Foi a 6 de março de 1921 que nasceu o Partido Comunista Português. Esteve na clandestinidade quase metade da sua existência, encabeçou a resistência contra o fascismo e foi um dos principais protagonistas da revolução de Abril. Hoje, continua a ser um partido imprescindível na defesa dos interesses dos trabalhadores e carrega um projeto revolucionário.

Portugal era um barril de pólvora. A participação na primeira guerra mundial afundou o país numa grave crise económica e social. Então, o anarco-sindicalismo era o que de mais avançado havia no seio da classe operária. Através do movimento sindical, os trabalhadores desencadearam uma vaga de greves para conter o aumento da exploração e a degradação das condições de vida.

Com o apoio da União Operária Nacional, cresceram os protestos e, no calor dessas lutas, a classe operária conquistou, finalmente, a histórica vitória da jornada de 8 horas de trabalho para o comércio e indústria. Em setembro de 1919, as organizações sindicais deram um novo passo para o reforço da sua unidade e fundaram a Confederação Geral do Trabalho (CGT), que chegaria às dezenas de milhares de membros.

Contudo, em 1917, a Rússia foi o epicentro de um terramoto político que havia de marcar a história do proletariado. Depois da Comuna de Paris, em 1871, a revolução socialista de Outubro e a criação do primeiro Estado operário mostraram que era possível através da experiência dos revolucionários russos alcançar o poder. 

Também em Portugal, como noutros países, surgiu um movimento de apoio à causa bolchevique. Criaram-se círculos de estudo e divulgação das ideias que chegavam do outro lado da Europa. Em abril de 1919, foi fundada a Federação Maximalista Portuguesa, antes Soviet de Propaganda Social, que passou a editar o semanário Bandeira Vermelha. Só no distrito de Lisboa havia 29 núcleos desta organização.

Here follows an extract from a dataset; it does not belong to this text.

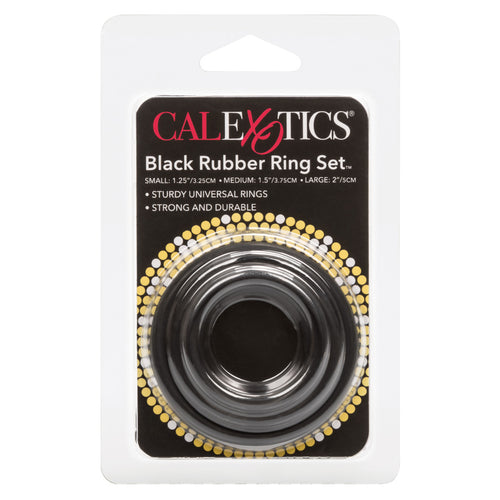 RUBBER RING BLACK 3PC SET - SE140703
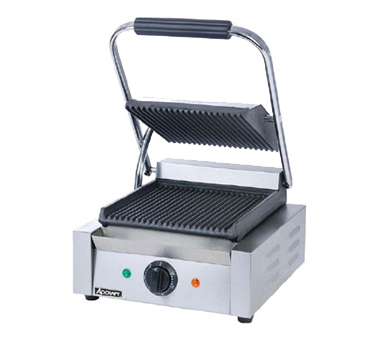 Adcraft - SG-811 - Admiral Craft|Sg-811|Quickship Sandwich Panini Grill Grooved Flat Cast Iron Plate Bottom Top Handle Thermostat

Em novembro do ano seguinte, realizaram-se várias reuniões nas sedes de alguns sindicatos, com o objetivo de criar uma estrutura que fosse a vanguarda revolucionária da classe operária portuguesa. 

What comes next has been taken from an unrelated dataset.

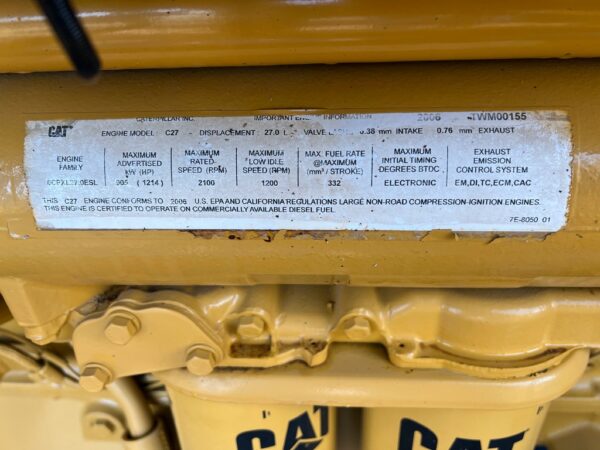 CAT C27 Industrial Engine TWM00155 (4)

A prova de fogo do futuro Partido Comunista Português (PCP), começou logo no primeiro encontro da recém formada Comissão Organizadora. Estava marcado para o dia 20 de dezembro de 1920, na sede da Associação dos Caixeiros de Lisboa, na rua António Maria Cardoso. Manuel Ribeiro, diretor do Bandeira Vermelha, estava preso já há dois meses e não podia participar na reunião. A presidir os trabalhos, Eduardo Metzner viu como a polícia invadiu o edifício e proibiu o encontro sob a justificação de que os promotores da reunião não possuíam a devida autorização do governador civil e que não podiam ser discutidos assuntos políticos na sede de um sindicato. Apesar da repressão policial, em janeiro e fevereiro de 1921, a Comissão Organizadora elaborou as bases orgânicas deste novo partido.

Fundação do PCP

Quem está habituado a subir a Rua da Madalena sabe que é uma artéria inclinada. Os operários que subiram esta encosta de Lisboa no dia 6 de março de 1921 estavam a dar os primeiros passos para a fundação de um partido que seria a grande força da resistência ao fascismo, obreiro da revolução de Abril e estandarte do socialismo e da luta dos trabalhadores por melhores condições de vida. Do lado direito da rua, no nº 225, no 1º andar, um por um, entraram pela porta da sede da Associação dos Empregados de Escritório para celebrar a assembleia que elegeu a primeira direção do Partido Comunista Português. Portugal assistia há precisamente cem anos ao nascimento de uma organização que decidiu levar adiante as ideias dos alemães Marx e Engels e do russo Lénine. Quando faz a sua apresentação pública, o Partido Comunista Português publicou os 21 pontos da Internacional Comunista, que constituem a sua base política, confirmando a sua adesão à constelação revolucionária que despontava em todo o mundo. Ao longo de um século de história, os comunistas portugueses protagonizaram episódios que marcaram de forma indelével um percurso que se confunde com a história da luta da classe trabalhadora.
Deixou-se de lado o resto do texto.